Alternative: use std::set and provide a Compare

It would be much easier to use std::set, which only requires you to implement a less-than comparison:

// checks whether x < y after quantization to a multiple of epsilon
constexpr float eps_less_than(float x, float y) {
    constexpr float e = std::numeric_limits<float>::epsilon();
    // use simple comparison if numbers are far apart
    float d = x - y;
    if (std::fabs(d) >= 2 * e) {
        return d < 0;
    }
    return std::floor(x * (1 / e)) < std::floor(y * (1 / e));
}

// lexicographical comparison
struct triplet_less {
    // constexpr since C++23
    constexpr bool operator()(triplet const & lhs, triplet const & rhs) const {
        if (eps_less_than(std::get<0>(lhs), std::get<0>(rhs))) return true;
        if (eps_less_than(std::get<0>(rhs), std::get<0>(lhs))) return false;

        if (eps_less_than(std::get<1>(lhs), std::get<1>(rhs))) return true;
        if (eps_less_than(std::get<1>(rhs), std::get<1>(lhs))) return false;

        if (eps_less_than(std::get<2>(lhs), std::get<2>(rhs))) return true;
        return false;
    }
};

int main() {
    std::set<triplet, triplet_less> s;
    s.insert({1.f, 2.f, 3.f});
}

See live example at Compiler Explorer

Further Notes

It would be much better not to use std::tuple, but use a simple aggregate type as follows:

struct vec3 {
    float x, y, z;
    // C++20: default all comparison operators
    // (you still need a custom vec3_equal to deal with precision issues)
    friend auto constexpr operator<=>(vec3 const&, vec3 const&) = default;
};

With defaulted comparison operators, it's very easy to get all the functionality of std::tuple, and you can write lhs.x instead of needing std::get<0>(lhs) and other annoyances.

0
Jeffrey On

This is probably not the answer you want, but it offers you a solution to the transitivity issue of the accepted answer.

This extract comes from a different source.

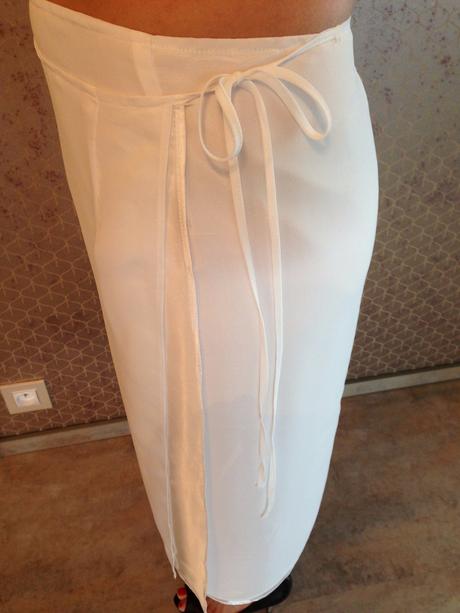 Bílá zavinovací sukně pro rostoucí bříško vel.38, s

Use std::tuple<int, int, int> and quantize your floats by multiplying them by some constant (say 10000) and rounding them down. The scale factor will depend on your domain.

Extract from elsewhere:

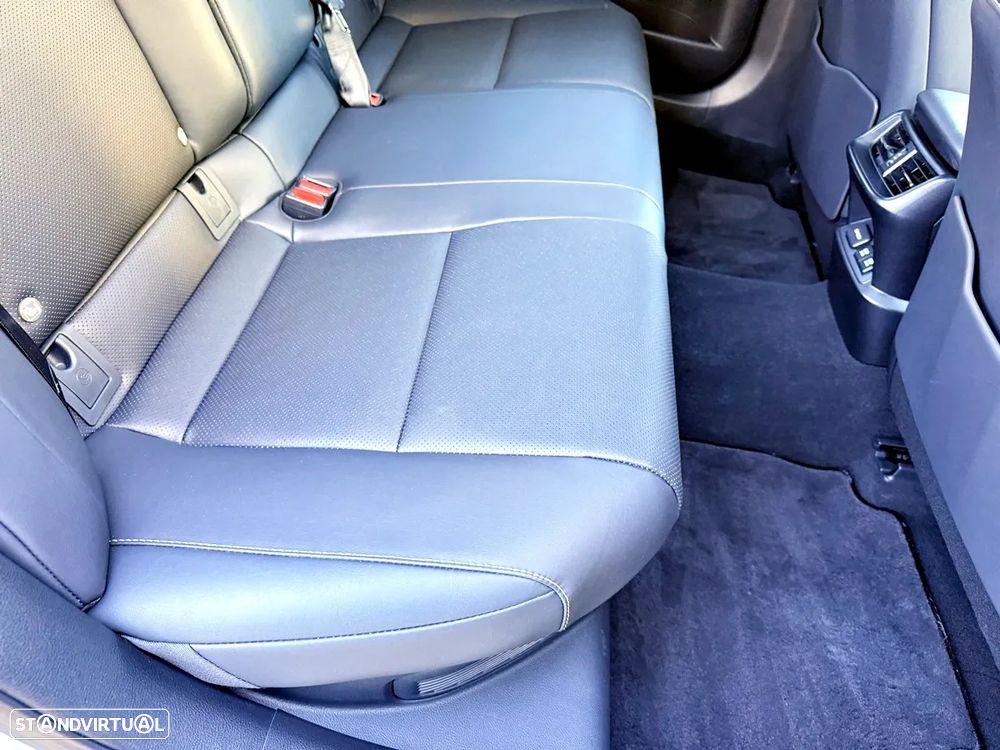Lexus ES 300h - 31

If you need to keep the original value, use an unordered_map. Use the int tuple for key and add a float tuple for the value. Then, when you search for a given triplet, you can look up the adjacents tuple in each of the three values.

That is more complex and more work, but it would be a more correct approach and avoid UB due to transitivity issues.